Each line of the data must reappear exactly in your answer, with no images included.

====== Input data ======

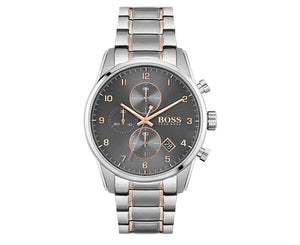  Shop Authentic Hugo Boss Skymaster Grey Dial Two Tone Steel Strap Watch for Men - 1513789 - Luxxuri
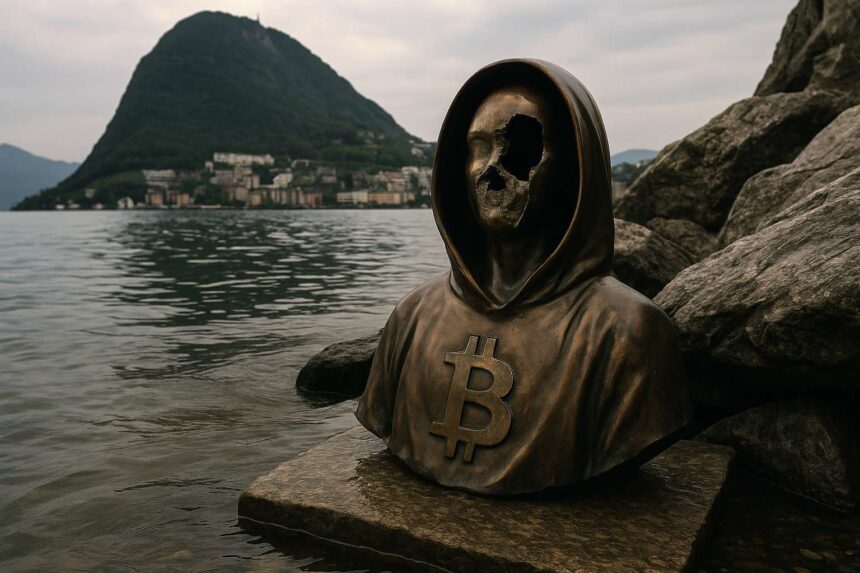 Satoshi standbeeld vernield: Bitcoin-fans starten actie voor herstel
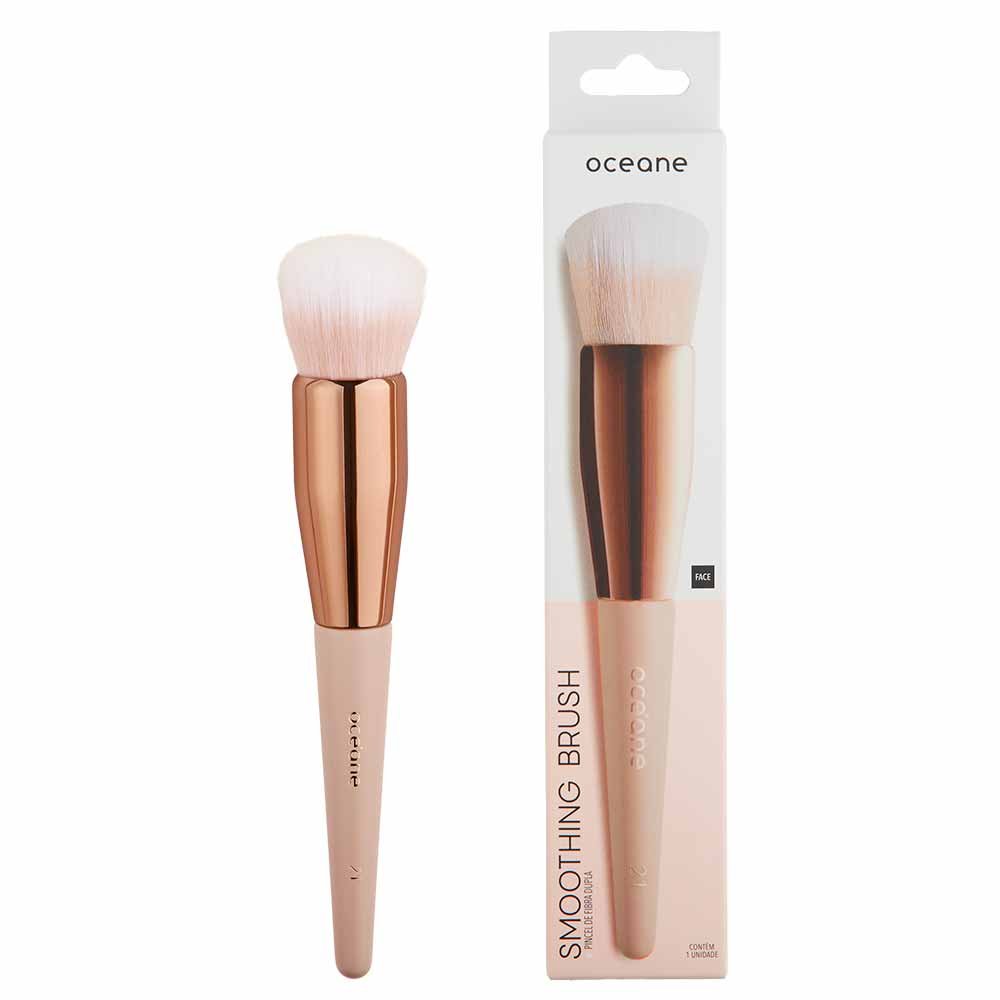 Pincel de Maquiagem Multifuncional Océane Smoothing Brush Oc21 ÚNICO 9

======

Finished exercise |
  Shop Authentic Hugo Boss Skymaster Grey Dial Two Tone Steel Strap Watch for Men - 1513789 - Luxxuri
 Satoshi standbeeld vernield: Bitcoin-fans starten actie voor herstel
 Pincel de Maquiagem Multifuncional Océane Smoothing Brush Oc21 ÚNICO 9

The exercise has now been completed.